Vedanta announced on April 3 that it had achieved historic highs in aluminium and zinc production, while also witnessing robust growth in iron ore, steel, oil and gas, and power sales. Annual aluminium production reached 2,421 kt, reflecting a 2 percent year-on-year increase, with fourth-quarter output rising 1 percent. Alumina production also saw a 9 percent annual growth, supported by expansion projects, though temporary supply chain disruptions affected quarterly production before stabilizing towards the end of the period.

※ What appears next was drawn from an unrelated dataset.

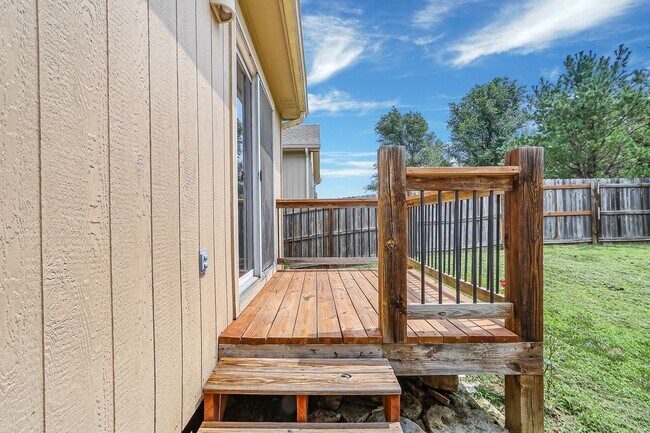 Building Photo - Gorgeous Family home for Rent!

Zinc India reported its highest-ever mined metal production of 1,095 kt, while refined metal production stood at 1,052 kt—both registering a 2 percent increase over the previous year. Fourth-quarter mined metal production surged 17 percent sequentially, supported by higher ore grades at the Agucha and Zawar mines. Additionally, refined metal output climbed 4 percent, while saleable silver production saw a 10 percent rise during the quarter.

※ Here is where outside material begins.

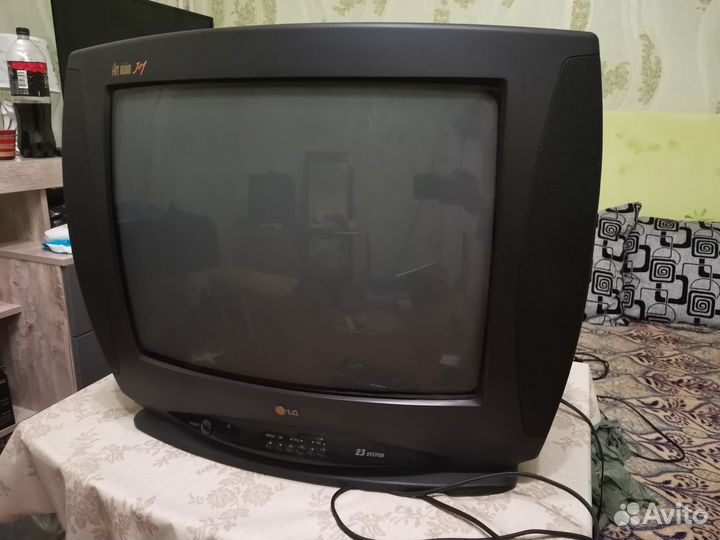 Телевизор LG 20 дюймов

Vedanta’s Zinc International division recorded a 52 percent year-on-year jump in total mined metal production, with a 9 percent sequential increase. The Gamsberg mine played a significant role, with fourth-quarter production soaring 89 percent year-on-year and 15 percent sequentially due to improved recoveries. Copper India also delivered strong growth, with fourth-quarter production increasing by 41 percent year-on-year, contributing to an overall 6 percent annual rise.
Vedanta’s power business saw an 18 percent sequential jump in fourth-quarter sales. Talwandi Sabo Power Limited (TSPL) recorded total annual power sales of 10,230 million units, operating at an 81 percent plant availability factor.
Oil and gas production from Open Acreage Licensing Policy (OALP) blocks rose to 3.5 kboepd during the quarter, driven by the ramp-up at the Jaya discovery. Across all assets, Vedanta's annual gross operated production averaged 103.2 kboepd.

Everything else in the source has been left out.